I can only assume theatre is in his blood, but not from my side of the family.

I went to the National Theatre last week to see, not a full production, but a reading of a play – Tarell Alvin McCraney’s Wig Out!, directed by, and starring, the writer himself. The pre-publicity described the play as a “big, bold and riotous look at gender, drag and fabulousness”, in which “the House of Light competes with the House of Diabolique for drag family supremacy at the Cinderella Ball”. It lived up to this thrilling billing, transcending the modest expectations of a “read-through” and bursting into vivid life on the stage. The audience, less subdued, less thoroughly straight and white than a standard West End theatre crowd, rose to the occasion, whooping their approval and leaping to their feet at the end in a genuinely rousing and moved ovation.

It was a great evening, and came hot on the heels of another success only two weeks ago, when Ben and I took our youngest to see Jez Butterworth’s The Ferryman. The boy is only 16, and freshly into drama, so it felt risky taking him to a new play. But we needn’t have worried. The piece is visceral and physical, set in County Armagh in 1981; against the backdrop of the hunger strikes, it tells a story of the long reach of the IRA, and even though the boy needs some of the history explaining to him, when I turn to him at the end of the final, shocking scene, he says: “I am actually shivering.” Which is presumably the precise response you would want to get out of a 16-year-old boy, poised on the brink of being excited about drama.

But theatre isn’t always exciting, is it? Let’s be honest. Ben and I have slunk out of too many intervals, bored witless by something flat and stagey, so I chalk these two latest experiences up as something of a triumph.
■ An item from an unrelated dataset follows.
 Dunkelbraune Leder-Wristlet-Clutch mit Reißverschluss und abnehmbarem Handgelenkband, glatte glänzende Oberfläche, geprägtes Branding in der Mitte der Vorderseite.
I didn’t even know the boy was so into theatre until I saw him on stage this year in a school production of Enron. He only had a small part, but still had to come to the very front of the stage, alone in a spotlight, and deliver a monologue in a Texan accent. And seeing him out of context like this, I nearly fell off my seat with the jolt of dislocation, almost not recognising him as my own son. Who knew he could do a Texan accent? (He’d practised for hours in the bathroom, he told me later.) And when did he get so tall? And so handsome? I see him every day and yet all I could think, seeing him up there on stage, was: “Who on earth IS this lanky six footer with the Hollywood smile, making eye contact and connecting with the audience in a way I never could in 20 years of gigs?”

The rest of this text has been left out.